====== Supplied material
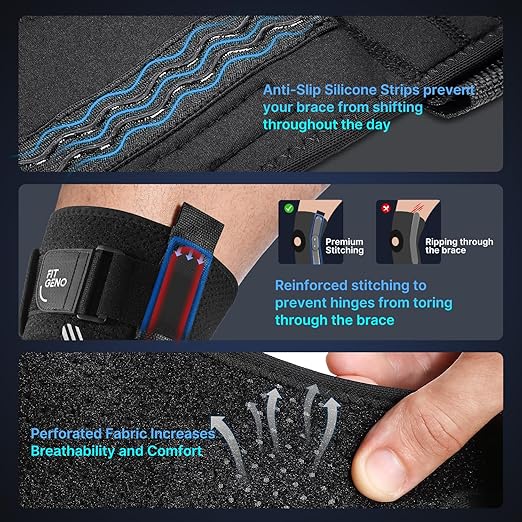 Fit Geno Hinged Knee Brace for Meniscus Tear: Adjustable Knee Support for Knee Pain w/Side Stabilizers & Hinges for Injury or Surgery Recovery - Men and Women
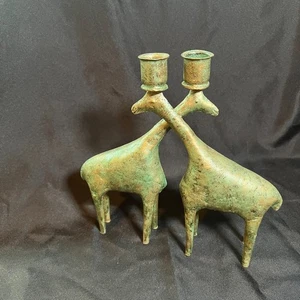 Vintage Grünspan Metall Giraffe Kerzenständer Paar Indonesien Mid Century Modern - Bild 1 von 12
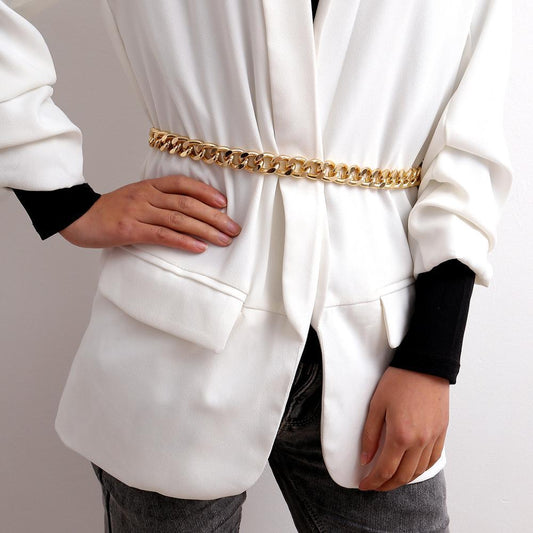Belt in gold adjustable metal chain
============
## Your task
Leave the pictures out and restate the listing word for word.

## Response area
 Fit Geno Hinged Knee Brace for Meniscus Tear: Adjustable Knee Support for Knee Pain w/Side Stabilizers & Hinges for Injury or Surgery Recovery - Men and Women
 Vintage Grünspan Metall Giraffe Kerzenständer Paar Indonesien Mid Century Modern - Bild 1 von 12
Belt in gold adjustable metal chain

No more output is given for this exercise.